The Earth has existed in hot-house configuration before, and contrary to Lovelock’s vision, I don’t know of anything intrinsic to the hot-house Earth which would preclude human life. The transition from present-day climate to a radically new climate could be catastrophic from the point of view of human civilization however, especially given that Earth is loaded with so many people already. Past climate transitions often drove extinctions and eventually new speciation. Past societies, such as the Classic Mayans, apparently vanished from the face of the earth, leaving behind mute relics of past social structure. These societal collapses were regional, often triggered by regional climate changes. The world today is globalized to an extent that was never a factor in the past, and climate is poised to change in a global way such as civilized humanity has not before witnessed.
We should be very clear. No one, not Lovelock or anyone else, has proposed a specific, quantitative scenario for a climate-driven, all out, blow the doors off, civilization ending catastrophe.

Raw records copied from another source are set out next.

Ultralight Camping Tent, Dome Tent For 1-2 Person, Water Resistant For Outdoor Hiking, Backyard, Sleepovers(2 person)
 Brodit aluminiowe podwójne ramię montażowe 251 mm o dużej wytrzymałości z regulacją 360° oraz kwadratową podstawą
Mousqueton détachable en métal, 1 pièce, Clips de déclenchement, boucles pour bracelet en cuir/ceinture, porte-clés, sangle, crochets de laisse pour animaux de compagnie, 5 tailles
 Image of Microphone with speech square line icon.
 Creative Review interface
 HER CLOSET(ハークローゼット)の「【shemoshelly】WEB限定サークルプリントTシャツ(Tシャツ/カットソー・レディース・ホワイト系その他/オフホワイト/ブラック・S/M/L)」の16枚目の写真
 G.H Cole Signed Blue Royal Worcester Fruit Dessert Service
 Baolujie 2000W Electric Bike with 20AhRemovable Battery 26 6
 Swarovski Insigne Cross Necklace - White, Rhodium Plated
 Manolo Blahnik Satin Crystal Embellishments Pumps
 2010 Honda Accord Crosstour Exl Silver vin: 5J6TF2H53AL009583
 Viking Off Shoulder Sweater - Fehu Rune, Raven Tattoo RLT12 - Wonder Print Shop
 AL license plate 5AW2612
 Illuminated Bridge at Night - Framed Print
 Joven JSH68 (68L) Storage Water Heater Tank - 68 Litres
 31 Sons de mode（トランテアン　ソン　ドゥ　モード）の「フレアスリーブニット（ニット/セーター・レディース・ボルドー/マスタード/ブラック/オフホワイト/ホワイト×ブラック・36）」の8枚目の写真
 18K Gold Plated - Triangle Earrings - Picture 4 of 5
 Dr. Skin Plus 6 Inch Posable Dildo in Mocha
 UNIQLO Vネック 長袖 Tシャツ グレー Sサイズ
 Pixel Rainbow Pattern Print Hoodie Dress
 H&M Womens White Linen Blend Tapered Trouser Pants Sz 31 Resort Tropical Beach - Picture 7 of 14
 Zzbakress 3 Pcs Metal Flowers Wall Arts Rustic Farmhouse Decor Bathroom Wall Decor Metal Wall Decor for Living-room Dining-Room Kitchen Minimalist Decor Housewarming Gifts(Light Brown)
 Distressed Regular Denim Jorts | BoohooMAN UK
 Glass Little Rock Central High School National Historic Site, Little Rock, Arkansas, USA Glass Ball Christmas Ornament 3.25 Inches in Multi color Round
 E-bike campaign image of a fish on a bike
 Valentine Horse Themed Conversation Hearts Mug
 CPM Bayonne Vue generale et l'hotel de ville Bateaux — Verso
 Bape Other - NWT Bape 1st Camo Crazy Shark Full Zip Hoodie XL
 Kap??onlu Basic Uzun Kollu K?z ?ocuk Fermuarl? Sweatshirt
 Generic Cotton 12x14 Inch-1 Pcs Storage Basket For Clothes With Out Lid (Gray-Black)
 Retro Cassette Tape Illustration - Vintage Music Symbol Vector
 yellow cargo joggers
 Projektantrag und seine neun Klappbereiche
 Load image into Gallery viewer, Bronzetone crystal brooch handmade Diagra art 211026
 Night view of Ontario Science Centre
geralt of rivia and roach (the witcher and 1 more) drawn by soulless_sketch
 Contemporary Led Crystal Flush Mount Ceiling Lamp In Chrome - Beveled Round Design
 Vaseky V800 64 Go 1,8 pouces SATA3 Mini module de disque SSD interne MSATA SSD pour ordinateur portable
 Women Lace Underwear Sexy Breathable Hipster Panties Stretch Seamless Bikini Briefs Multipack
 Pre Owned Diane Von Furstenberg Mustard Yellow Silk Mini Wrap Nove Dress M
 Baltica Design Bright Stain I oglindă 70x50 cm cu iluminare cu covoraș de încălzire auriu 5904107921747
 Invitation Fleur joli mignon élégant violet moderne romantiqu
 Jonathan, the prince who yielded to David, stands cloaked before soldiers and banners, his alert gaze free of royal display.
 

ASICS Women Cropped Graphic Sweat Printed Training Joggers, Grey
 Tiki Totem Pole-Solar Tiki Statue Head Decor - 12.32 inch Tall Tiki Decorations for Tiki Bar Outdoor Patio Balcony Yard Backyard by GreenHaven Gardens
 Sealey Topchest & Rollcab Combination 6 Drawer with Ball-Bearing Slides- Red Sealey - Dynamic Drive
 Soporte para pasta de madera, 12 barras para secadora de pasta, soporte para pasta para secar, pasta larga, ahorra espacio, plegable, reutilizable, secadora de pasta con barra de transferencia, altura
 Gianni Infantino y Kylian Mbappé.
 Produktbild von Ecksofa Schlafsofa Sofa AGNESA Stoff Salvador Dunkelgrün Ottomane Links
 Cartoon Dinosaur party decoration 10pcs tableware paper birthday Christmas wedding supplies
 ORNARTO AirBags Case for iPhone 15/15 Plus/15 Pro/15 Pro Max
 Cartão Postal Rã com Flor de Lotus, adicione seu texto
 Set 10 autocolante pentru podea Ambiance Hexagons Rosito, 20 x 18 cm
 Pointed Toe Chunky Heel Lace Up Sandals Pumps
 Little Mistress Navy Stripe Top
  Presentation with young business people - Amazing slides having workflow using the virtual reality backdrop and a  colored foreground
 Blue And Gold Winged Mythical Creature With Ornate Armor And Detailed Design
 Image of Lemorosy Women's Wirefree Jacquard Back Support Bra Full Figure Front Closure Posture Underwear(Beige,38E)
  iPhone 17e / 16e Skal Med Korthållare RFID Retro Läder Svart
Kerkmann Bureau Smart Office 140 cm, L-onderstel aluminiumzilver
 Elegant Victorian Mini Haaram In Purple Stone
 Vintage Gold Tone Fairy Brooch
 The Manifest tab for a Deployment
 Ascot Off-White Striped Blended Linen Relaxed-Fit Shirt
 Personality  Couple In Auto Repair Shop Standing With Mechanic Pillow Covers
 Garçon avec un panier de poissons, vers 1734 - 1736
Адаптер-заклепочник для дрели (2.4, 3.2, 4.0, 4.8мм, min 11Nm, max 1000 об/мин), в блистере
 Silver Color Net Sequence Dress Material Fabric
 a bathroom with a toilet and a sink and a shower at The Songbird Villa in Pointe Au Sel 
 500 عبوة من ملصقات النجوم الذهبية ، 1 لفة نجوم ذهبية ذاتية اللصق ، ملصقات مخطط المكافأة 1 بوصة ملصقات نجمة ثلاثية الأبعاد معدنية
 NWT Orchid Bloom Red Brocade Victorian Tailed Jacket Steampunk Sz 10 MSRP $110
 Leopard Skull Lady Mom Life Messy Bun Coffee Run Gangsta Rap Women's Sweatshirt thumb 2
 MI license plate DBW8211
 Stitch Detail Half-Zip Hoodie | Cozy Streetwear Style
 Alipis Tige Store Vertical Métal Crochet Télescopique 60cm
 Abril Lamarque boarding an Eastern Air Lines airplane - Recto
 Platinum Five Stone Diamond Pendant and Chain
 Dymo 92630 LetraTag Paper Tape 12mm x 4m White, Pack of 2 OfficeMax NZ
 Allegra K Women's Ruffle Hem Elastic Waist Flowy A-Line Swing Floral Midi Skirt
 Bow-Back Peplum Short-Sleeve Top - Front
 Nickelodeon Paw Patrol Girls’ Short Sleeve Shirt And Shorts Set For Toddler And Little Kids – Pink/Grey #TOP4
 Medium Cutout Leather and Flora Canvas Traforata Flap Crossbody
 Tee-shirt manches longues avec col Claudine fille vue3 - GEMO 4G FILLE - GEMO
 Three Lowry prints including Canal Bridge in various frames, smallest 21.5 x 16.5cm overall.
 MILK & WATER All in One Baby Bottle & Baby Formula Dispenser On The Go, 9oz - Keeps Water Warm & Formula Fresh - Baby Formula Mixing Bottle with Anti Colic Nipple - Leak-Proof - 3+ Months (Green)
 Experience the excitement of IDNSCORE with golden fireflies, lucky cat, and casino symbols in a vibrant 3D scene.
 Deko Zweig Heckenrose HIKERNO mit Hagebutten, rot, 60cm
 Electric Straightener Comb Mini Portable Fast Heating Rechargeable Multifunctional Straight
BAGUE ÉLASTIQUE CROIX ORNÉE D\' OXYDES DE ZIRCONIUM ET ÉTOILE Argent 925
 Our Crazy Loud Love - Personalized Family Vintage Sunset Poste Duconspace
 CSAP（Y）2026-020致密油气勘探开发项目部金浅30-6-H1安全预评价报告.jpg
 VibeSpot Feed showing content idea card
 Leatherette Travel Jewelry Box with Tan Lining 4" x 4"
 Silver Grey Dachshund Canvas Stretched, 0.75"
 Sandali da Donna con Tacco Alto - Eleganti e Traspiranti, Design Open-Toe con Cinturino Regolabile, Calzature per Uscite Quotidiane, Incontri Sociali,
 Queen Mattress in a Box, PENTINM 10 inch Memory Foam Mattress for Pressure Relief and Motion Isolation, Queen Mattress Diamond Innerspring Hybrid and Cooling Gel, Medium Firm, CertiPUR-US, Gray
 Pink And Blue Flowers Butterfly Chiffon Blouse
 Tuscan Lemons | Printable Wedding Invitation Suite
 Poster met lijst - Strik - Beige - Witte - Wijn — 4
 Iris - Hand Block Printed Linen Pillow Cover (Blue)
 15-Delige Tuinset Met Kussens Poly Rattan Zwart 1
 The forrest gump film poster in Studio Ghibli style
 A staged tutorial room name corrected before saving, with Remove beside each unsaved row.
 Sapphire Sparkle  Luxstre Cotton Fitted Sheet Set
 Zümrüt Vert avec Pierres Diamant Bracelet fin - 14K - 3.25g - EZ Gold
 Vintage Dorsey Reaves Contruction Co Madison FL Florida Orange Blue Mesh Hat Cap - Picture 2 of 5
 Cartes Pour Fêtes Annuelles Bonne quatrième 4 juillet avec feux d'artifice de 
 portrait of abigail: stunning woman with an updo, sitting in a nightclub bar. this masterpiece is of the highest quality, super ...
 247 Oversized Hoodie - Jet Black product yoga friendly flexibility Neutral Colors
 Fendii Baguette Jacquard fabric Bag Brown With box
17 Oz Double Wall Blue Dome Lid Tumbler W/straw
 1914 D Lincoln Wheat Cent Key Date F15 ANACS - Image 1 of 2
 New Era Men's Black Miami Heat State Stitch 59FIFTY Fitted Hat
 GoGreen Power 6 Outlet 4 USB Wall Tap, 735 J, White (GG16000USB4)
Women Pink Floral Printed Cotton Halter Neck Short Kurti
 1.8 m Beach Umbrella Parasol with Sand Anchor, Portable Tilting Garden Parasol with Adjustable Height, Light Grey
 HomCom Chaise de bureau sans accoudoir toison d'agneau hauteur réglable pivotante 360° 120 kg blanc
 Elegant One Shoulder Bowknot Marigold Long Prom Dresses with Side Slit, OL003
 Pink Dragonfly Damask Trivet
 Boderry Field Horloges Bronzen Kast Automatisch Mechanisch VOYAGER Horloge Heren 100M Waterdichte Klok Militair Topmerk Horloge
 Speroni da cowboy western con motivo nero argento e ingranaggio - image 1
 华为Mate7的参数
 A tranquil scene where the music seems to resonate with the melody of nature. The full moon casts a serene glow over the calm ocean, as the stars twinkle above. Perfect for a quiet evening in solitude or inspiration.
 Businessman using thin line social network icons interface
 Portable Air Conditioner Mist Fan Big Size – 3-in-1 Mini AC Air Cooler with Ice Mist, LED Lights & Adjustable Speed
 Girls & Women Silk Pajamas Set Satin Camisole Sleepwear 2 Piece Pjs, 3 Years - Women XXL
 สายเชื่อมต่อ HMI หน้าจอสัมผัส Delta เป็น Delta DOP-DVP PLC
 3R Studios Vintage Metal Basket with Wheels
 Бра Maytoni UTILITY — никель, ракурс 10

Mr. Lovelock has a feeling in his gut that something terrible is going to happen. He could be right, but for what it’s worth, there aren’t any models that explode as catastrophically as this. We can never say that it’s impossible that something might fall out of balance, something we haven’t thought of. But I think in general the consensus gut feeling among small-minded working scientists like me is that the odds of such a catastrophe are low.
Low odds of catastrophe does not imply negligible. Nordhaus [2001] considered the possibility of catastrophe in his analysis of the economics of climate change. He defined catastrophe as comparable to the Great Depression, a 25% decrease in global economic activity that lasts for a long time. The probability of such an event he estimated by polling the gut instincts of a group of climate scientists; for what it’s worth, they came up with probabilities of a few percent. Economically, Nordhaus found that this possibility imposed the largest cost of adapting to climate change, greater than the costs of sea level rise, potential change in storminess, and so on. My own belief is that economics is a flawed tool for managing global climate, because it neglects issues of fairness, and reduces the value of the natural world to units of money. The point is that, within this framework, a small possibility of a large catastrophe looms large as a practical issue.